1920 – a famous event [code]

IBM SAN Volume Controller and Storwize V7000 Global Mirror
_____________________________________________________________

1920 was a big year with many famous events. Space does not permit me to mention them all, so please forgive me if your significant event of 1920 is left off the list:

  • In the US the passing of the 18th Ammendment starts prohibition
  • In the US the passing of the 19th Ammendment gives women the vote [27 years after women in New Zealand had the same right].
  • The Covenant of the League of Nations (and the ILO) come into force, but the US decides not to sign (in part because it grants the league the right to declare war)
  • The US Senate refuses to sign the treaty of Versailles (in part because it was considered too harsh on Germany)
  • Bloody Sunday – British troops open fire on spectators and players during a football match in Dublin killing 14 Irish civilians and wounding 65.
  • Anti-capitalists bomb Wall Street, killing 38 and seriously injuring 143
  • Numerous other wars and revolutions

There is another famous 1920 event however – event code 1920 on IBM SAN Volume Controller and Storwize V7000 Global Mirror, and this event is much less well understood. A 1920 event code tells you that Global Mirror has just deliberately terminated one of the volume relationships you are replicating, in order to maintain good host application performance. It is not an error code as such, it is the result of automated intelligent monitoring and decision making by your Global Mirror system. I’ve been asked a couple of times why Global Mirror doesn’t automatically restart a relationship that has just terminated with a 1920 event code. Think about it. The system has just taken a considered decision to terminate the relationship, why would it then restart it? If you don’t care about host impact then you can set GM up so that it doesn’t terminate it in the first place, but don’t set it up to terminate on host impact and then blindly just restart it as soon as it does what you told it to do. 1920 is a form of congestion control. Congestion can be at any point in the end to end solution:

  • Network bandwidth, latency, QoS
  • SVC/V7000 memory contention
  • SVC/V7000 processor contention
  • SVC/V7000 disk overloading

Before I explain how the system makes the decision to terminate, first let me summarize your options for avoiding 1920. That’s kind of back to front, but everyone wants to know how to avoid 1920 and not so many people really want to know the details of congestion control. Possible methods for avoiding 1920 are: (now includes a few updates in green and a few more added later in red)

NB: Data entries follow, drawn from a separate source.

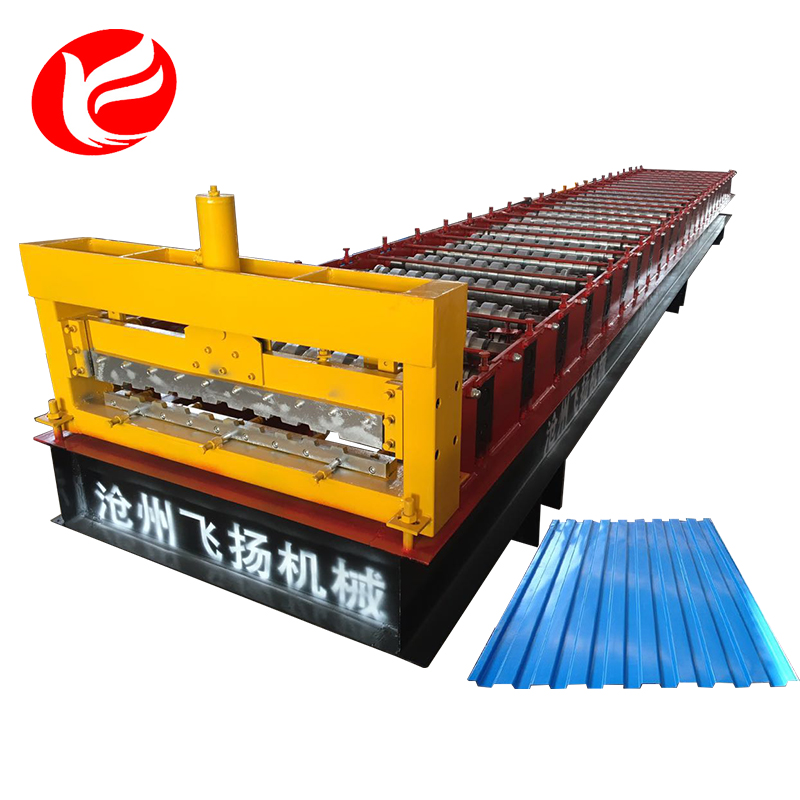 Roller shutter door roll forming machine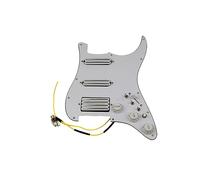 Pickguard Precablati Caricati Pickup Per Chitarra Pickup Humbucker Cablaggio Alnico 5 HSS Push-Pull Single Cut Set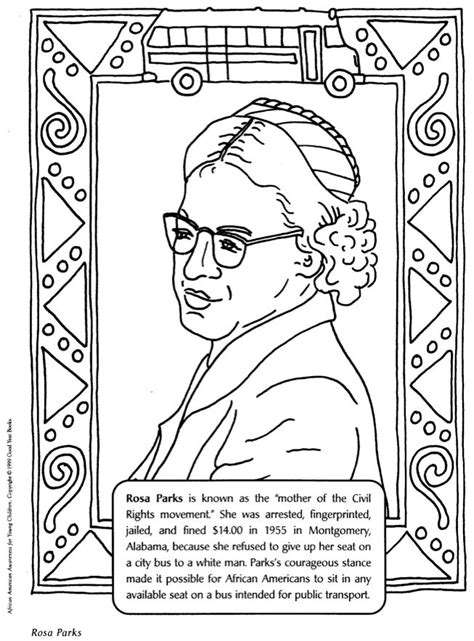 101 Best Images About Happy Rosa Parks Day 1211955 On Pinterest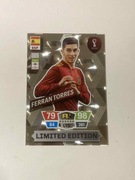 Panini World Cup Qatar 2022 Ferran Torres Limited Edition 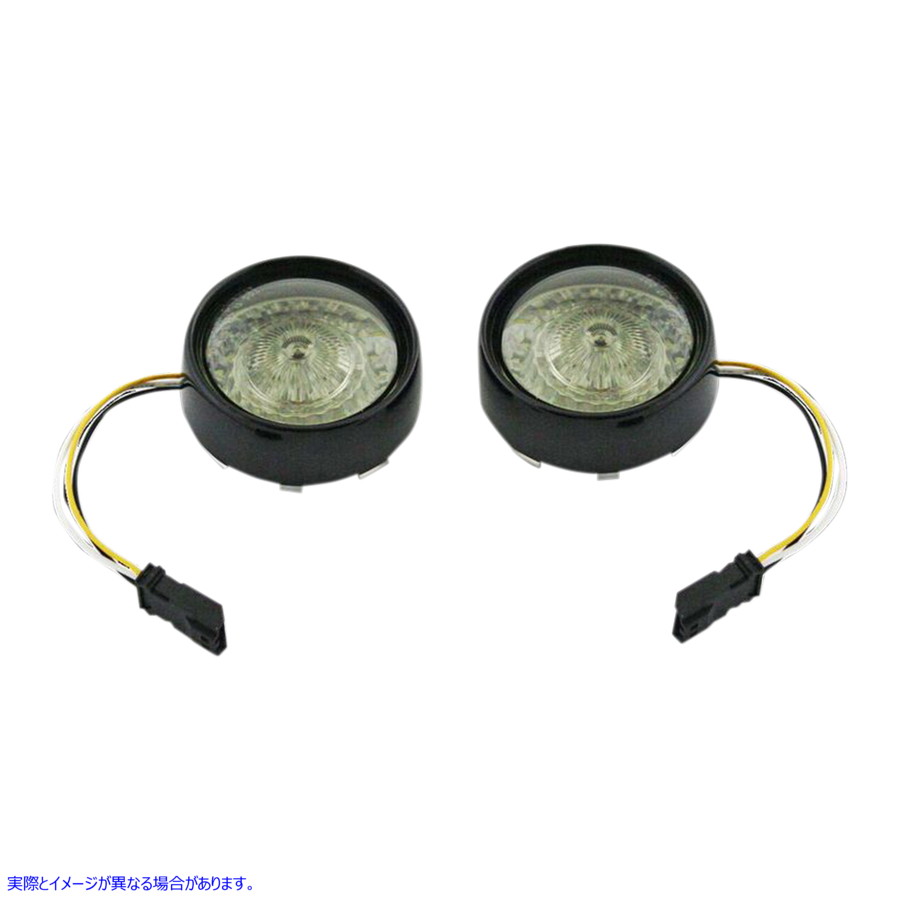 取寄せ バレットターンシグナル - JAE CVO - グロスブラック - スモークレンズ カスタムダイナミクス Bullet Turn Signal - JAE CVO - Gloss Black - Smoke Lens PB-BB-AW-JAEBS 20201592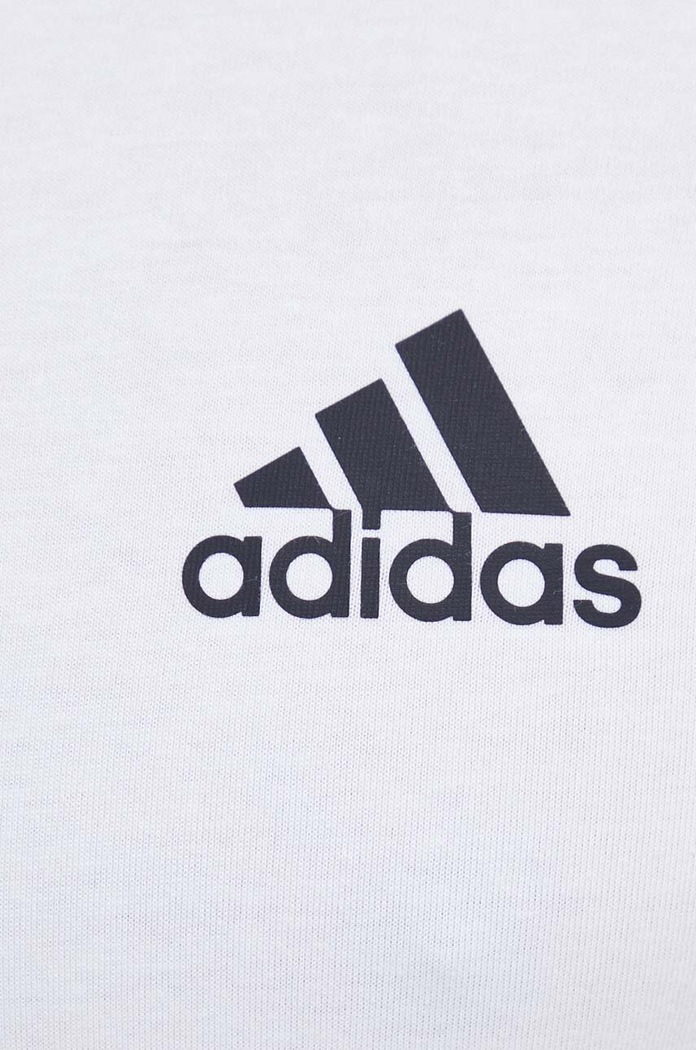 adidas t-shirt bawełniany II3593 biały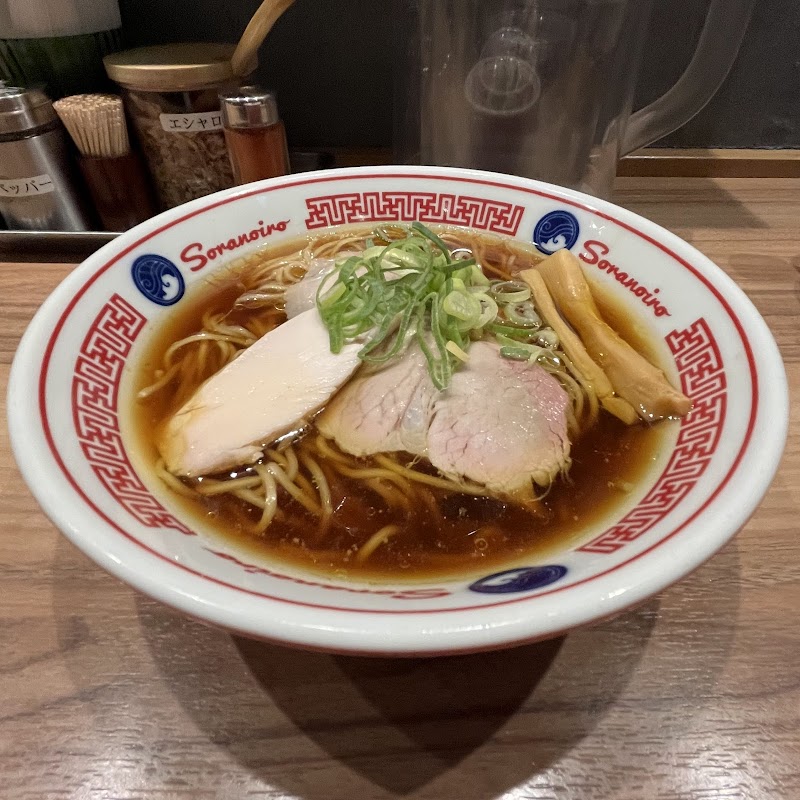 Soranoiro Ramen Tokyo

  1. Ask your IBM storage specialist or IBM Business Partner about using Global Mirror with Change Volumes (RPO of minutes) rather than traditional Global Mirror (RPO of milliseconds). You’ll need to be at version 6.3 or later of the firmware to run this. Note that VMware SRM support should be in place for GM/CV by the end of September 2012. Note also that the size of a 15 minute cycling change volume is typically going to be less than 1% of the source volumes, so you don’t need a lot of extra space for this.
  2. Ensure that you have optimized your streams – create more consistency groups, and create an empty cg0 if you are using standalone volumes. 
  3. Increase the GMmaxhostdelay parameter from its default of 5 milliseconds. The system monitors the extra host I/O latency due to the tag-and-release processing of each batch of writes, and if this goes above GMmaxhostdelay then the system considers that an undesirable situation.
  4. Increase the GMlinktolerance parameter from its default of 300 seconds. This is the window over which GM tolerates latency exceeding GMmaxhostdelay before deciding to terminate. Although it has been suggested you should not increase this in a VMware environment.
  5. Increase your network bandwidth, your network quality, your network QoS settings or reduce your network latency. Don’t skimp on your network. Buy the licence for performance Monitoring on your FCIP router (e.g. 2498-R06 feature code 7734  “R06 Performance Monitor”). I’m told that using that or using TPC are the two best ways to see what is happening with traffic from a FC perspective. I’m told that looking at traffic/load from an IP traffic monitor is not always going to give you the real story about the replication traffic.
  6. If your SVC/V7000 is constrained then add another I/O group to the system, or more disks at both ends if it is disk constrained. In particular don’t try to run Global Mirror from a busy production SAS/SSD system to a DR system with NL-SAS. You might be able to do that with GM/CV but not with traditional GM.
  7. Make sure there are no outstanding faults showing in the event log.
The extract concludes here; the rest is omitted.